GSFit's numerical solver is written in Rust for speed and robustness, and the user interface / set-up is written in Python for its convenience.

The goal of GSFit is high accuracy, not performance; when something can be calculated accurately, it should be calculated accurately regardless of computational cost.

GSFit uses the COCOS 13 coordinate system, as described in O. Sauter and S. Y. Medvedev, "Tokamak Coordinate Conventions: COCOS", Comput. Phys.

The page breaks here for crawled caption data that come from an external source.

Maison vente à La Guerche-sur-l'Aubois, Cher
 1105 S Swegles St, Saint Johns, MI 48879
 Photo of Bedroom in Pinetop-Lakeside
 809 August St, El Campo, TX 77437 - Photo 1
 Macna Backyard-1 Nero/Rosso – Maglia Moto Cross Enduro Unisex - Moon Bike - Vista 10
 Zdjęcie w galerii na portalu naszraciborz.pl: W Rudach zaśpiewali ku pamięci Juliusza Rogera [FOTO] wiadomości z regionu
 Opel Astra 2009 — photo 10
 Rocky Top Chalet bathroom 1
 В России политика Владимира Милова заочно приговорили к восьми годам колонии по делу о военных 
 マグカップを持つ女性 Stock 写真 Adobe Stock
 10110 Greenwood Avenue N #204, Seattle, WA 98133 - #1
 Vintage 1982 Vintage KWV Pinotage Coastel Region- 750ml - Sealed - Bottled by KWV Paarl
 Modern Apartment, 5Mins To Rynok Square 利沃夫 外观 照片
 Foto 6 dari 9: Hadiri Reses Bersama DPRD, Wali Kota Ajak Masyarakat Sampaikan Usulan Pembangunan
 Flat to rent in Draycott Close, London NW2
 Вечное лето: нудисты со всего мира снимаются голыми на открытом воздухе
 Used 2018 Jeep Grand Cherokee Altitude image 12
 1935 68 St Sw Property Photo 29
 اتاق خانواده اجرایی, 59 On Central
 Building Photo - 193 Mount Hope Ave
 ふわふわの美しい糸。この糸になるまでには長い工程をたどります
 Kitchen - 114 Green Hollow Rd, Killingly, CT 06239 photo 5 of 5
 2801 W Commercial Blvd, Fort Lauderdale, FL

Commun. 184, 2013. Where, in summary, flux is measured in weber, and the poloidal angle increases counterclockwise, starting from the outboard mid-plane.

Why Rust and Python?

Rust is a compiled, high-performance language, nearly as fast as C and Fortran. It includes modern tooling such as a package manager and centralised registry (cargo and crates.io), autoformatting (rustfmt), and has testing built into the language. Rust enforces strict ownership rules, making programs extremely memory efficient without requiring any extra effort. These rules also eliminate entire classes of memory issues. Additionally, Rust has zero-cost abstractions, allowing "implementations", which are similar to classes in object-oriented programming, to be used without any performance penalty. For more information, the official Rust book gives a complete introduction to the language with examples.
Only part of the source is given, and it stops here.